Ia juga diakui "ada" karena ia telah mampu membuat suatu karya, dalam hal ini adalah tulisan. Ia juga diakui karena ia mampu mengeluarkan sampah yang ada di otaknya hingga mampu bertukar pikiran dengan manusia lainnya. Manusia semacam itulah yang patut diakui eksistensinya, tentu saja berkat kemampuan literasi yang dimilikinya.
Meskipun saat ini kita hidup pada zaman di mana berita bohong, ujaran kebencian serta isu-isu SARA marak terjadi serta seringkali mengitari ruang lingkup kehidupan kita, di satu sisi juga banyak terlahir manusia-manusia cerdas berjiwa humanis-sosialis.
Merekalah yang menjadi benteng pertahanan bagi diri mereka sendiri maupun orang-orang di sekitarnya. Mereka mampu menyeimbangkan diri dengan perkembangan zaman yang semakin renta ini.
Di masa sekarang, banyak sekali lahir perpustakaan dan taman baca masyarakat yang menghiasi dunia pendidikan masyarakat Indonesia. Perpustakaan tidak hanya hadir dalam lingkup sekolahan dan perguruan tinggi saja, melainkan telah mampu berada di tengah-tengah masyarakat umum.
Siapa yang menjadi dalang terhadap kemajuan literasi ini? Tentu saja berkat peran pemerintah sebagai "penyedia" dan masyarakat sebagai "penyelenggara".
Pemerintah dan masyarakat saling bahu-membahu dalam mewujudkan masyarakat yang berliterasi. Juga, mencoba mematahkan asumsi bahwa minat baca masyarakat kita rendah. Sebab, sebetulnya minat baca kita tinggi, tetapi fasilitas serta akses terhadap bahan bacaan itu yang belum berjalan secara maksimal.
Adakalanya, karena terbatasnya kemampuan pemerintah yang memang tugasnya bukan hanya meningkatkan minat baca saja---melainkan masih banyak pekerjaan pemerintah yang lain yakni dalam ruang lingkup ekonomi, agama, politik dan lain-lain.
Hal ini membuat masyarakat mau tidak mau merangkap dua kegiatan, yakni menjadi penyedia sekaligus penyelenggara atas kemajuan literasi di Indonesia.

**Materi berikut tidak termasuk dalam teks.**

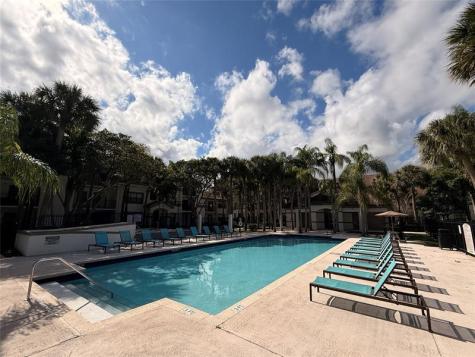 560 S Park Hollywood FL 33021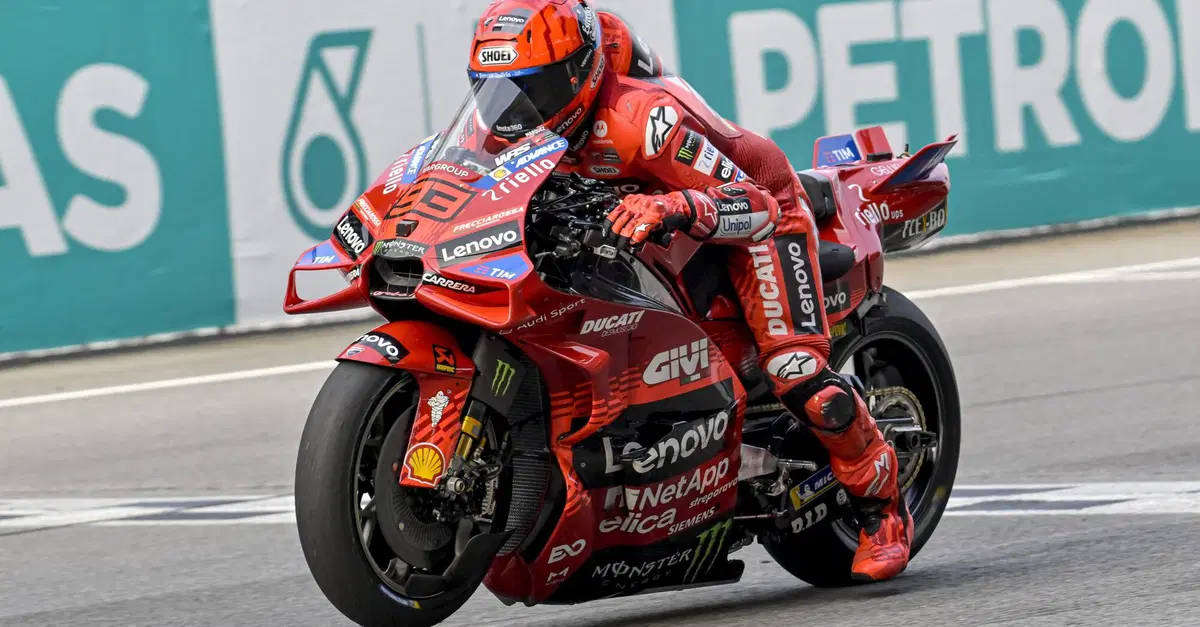 MotoGP 2025. Test di Sepang. Marc Marquez: "Una lotta per il titolo con Alex? Non metterei mai pressione a mio fratello"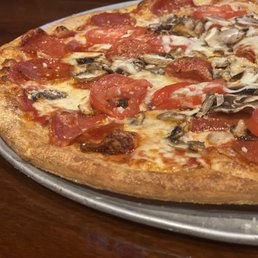 Pepperoni mushroom pizza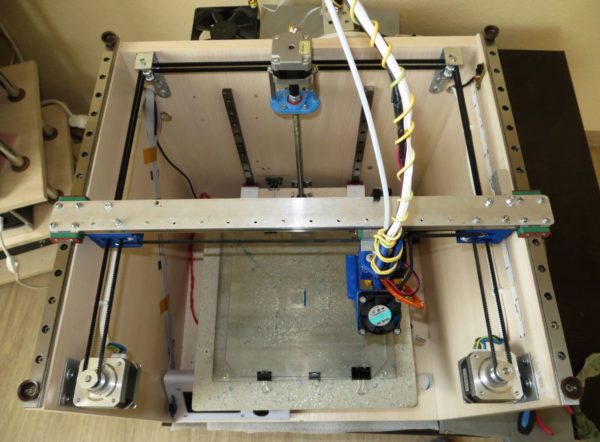 3D-принтер вариация "SmartrapCore" на рельсах без печатных деталей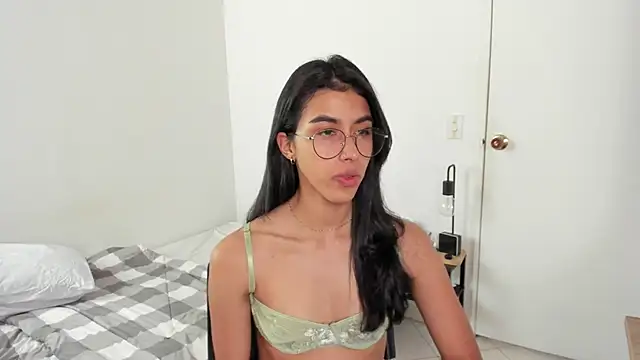 Mazikeen  18 online show from April 16, 1:00 pm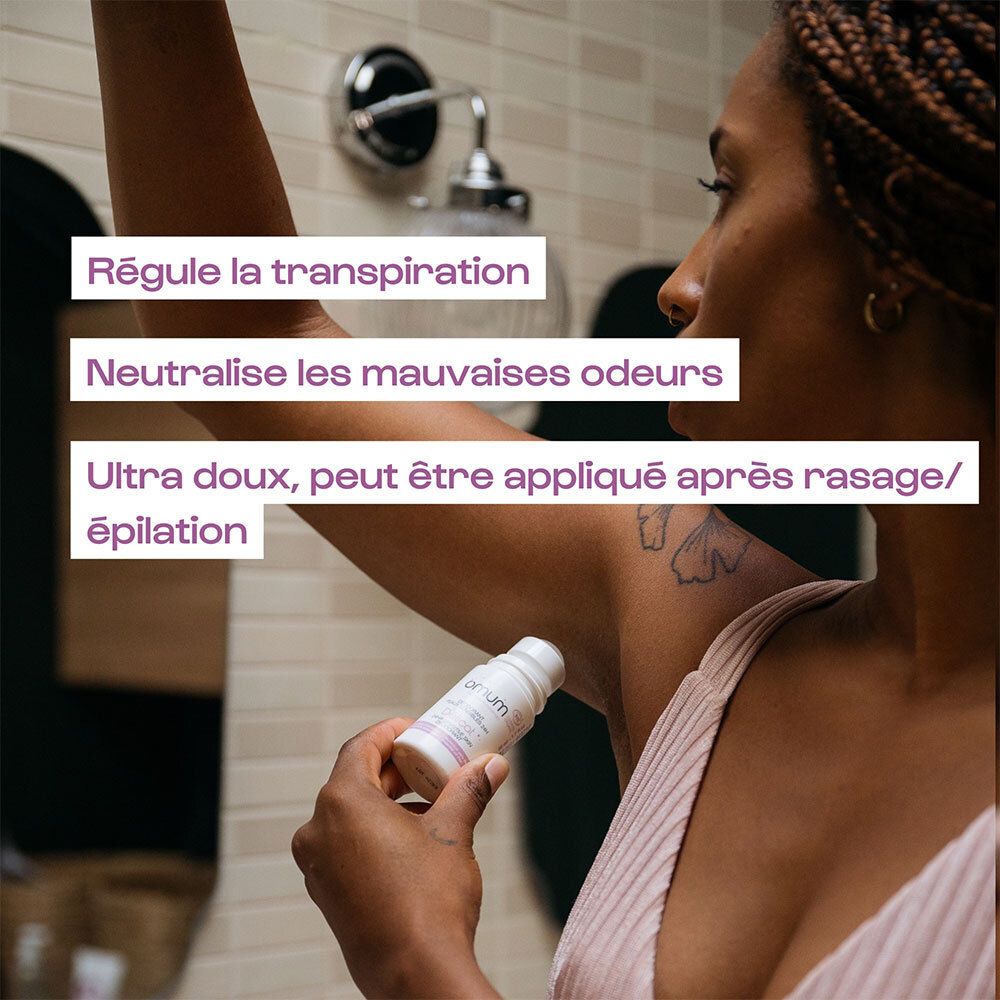 Application du déodorant OMUM sous le bras par une femme.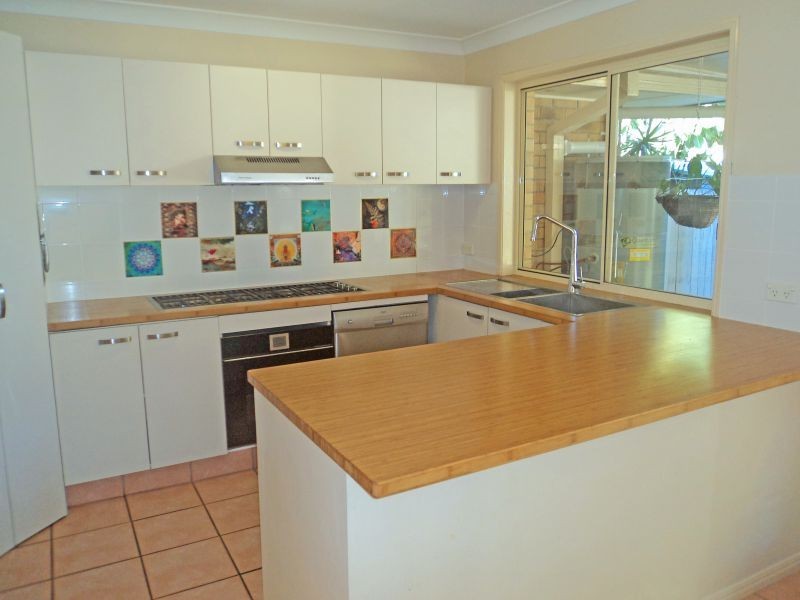 2/14 Louise Street, Southport QLD 4215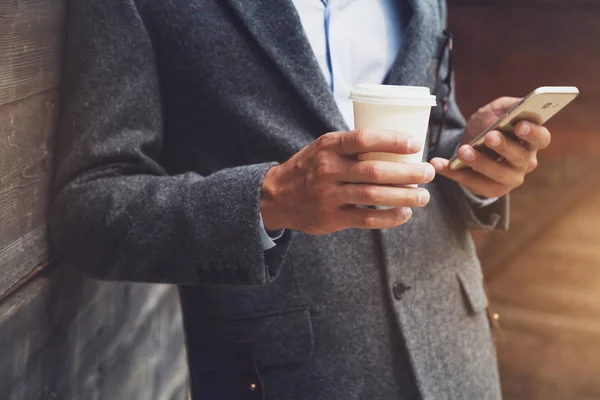 Affärsman Hand Hålla Morgonkaffe Och Läsande Telefonerna — Stockfoto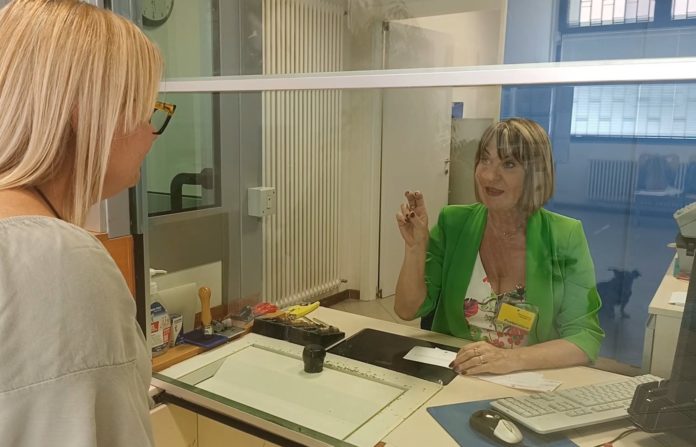 dipendente poste italiane parla lingua dei segni lingua dei segni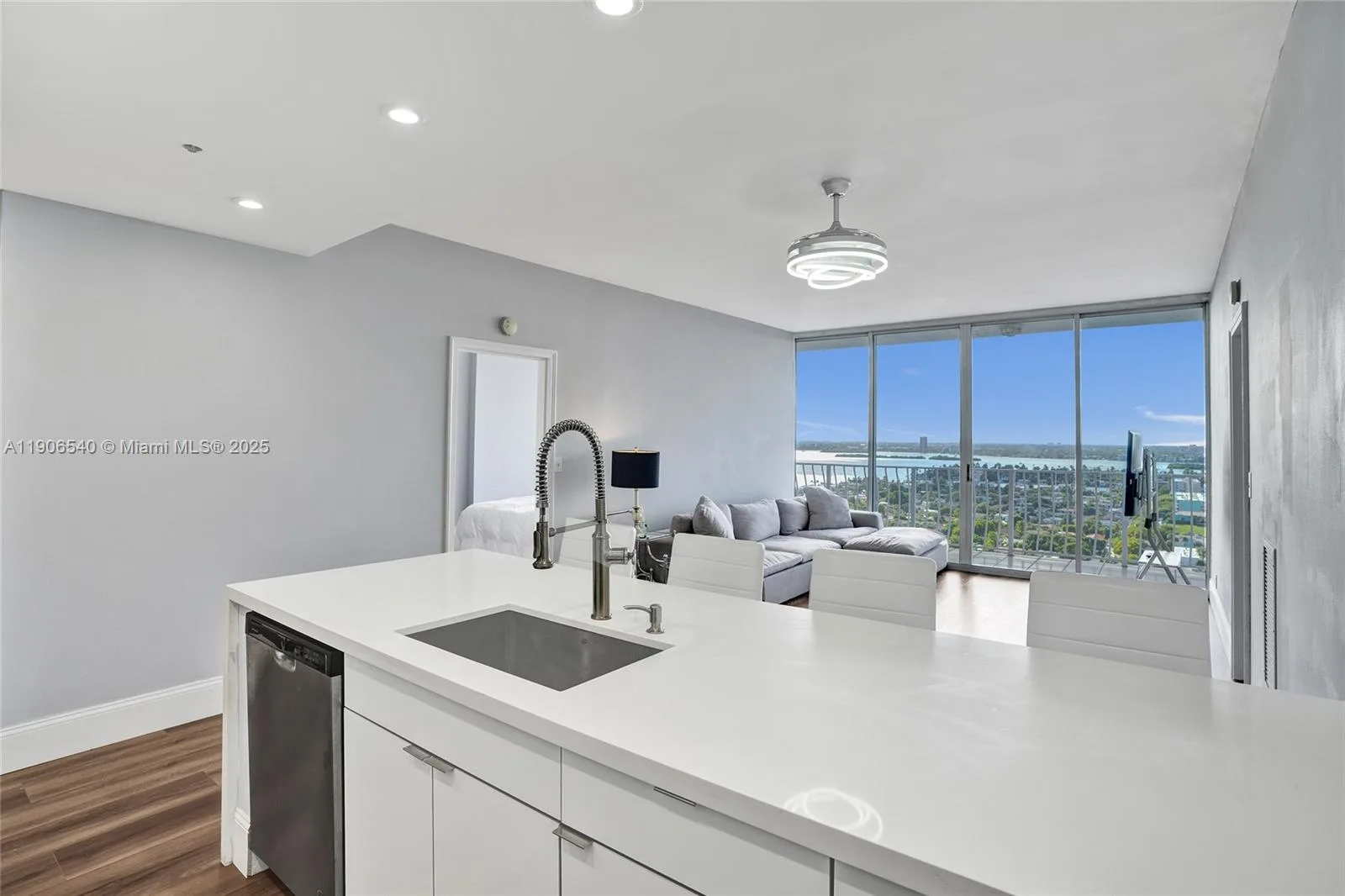 7601 E Treasure Dr # PH102, North Bay Village, FL 33141 photo 6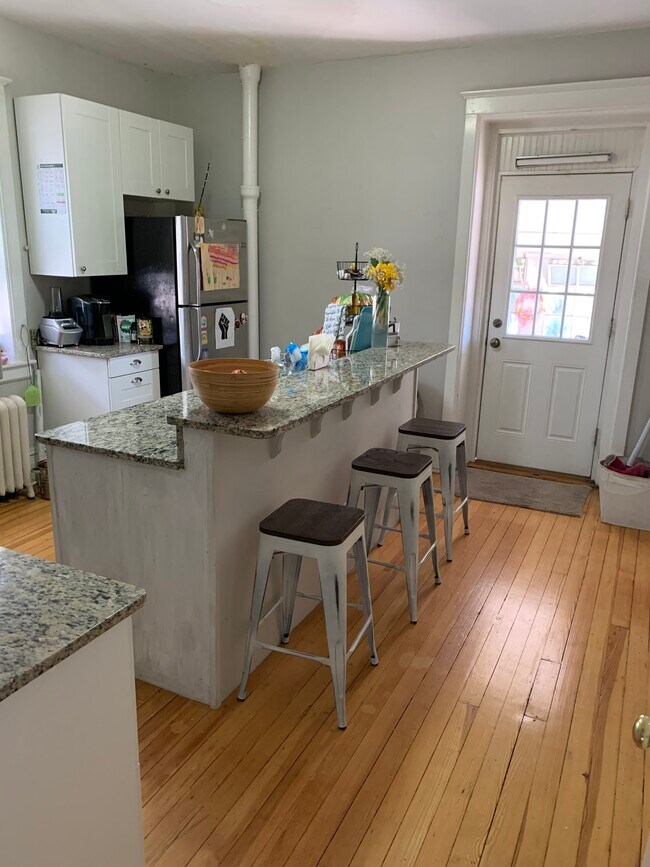 Photo - 441 Lyceum Ave Unit 2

Masyarakat saling bahu-membahu antar sesama, saling bersinergi meskipun berada di daerah atau pulau yang berbeda. Mereka benar-benar sadar bahwa literasi patut diperjuangkan eksistensinya.
Hasilnya? Perpustakaan dan Taman Baca Masyarakat (TBM) saat ini lebih mampu bersifat humanis sehingga masyarakat sudah tidak segan-segan lagi untuk datang ke perpustakaan.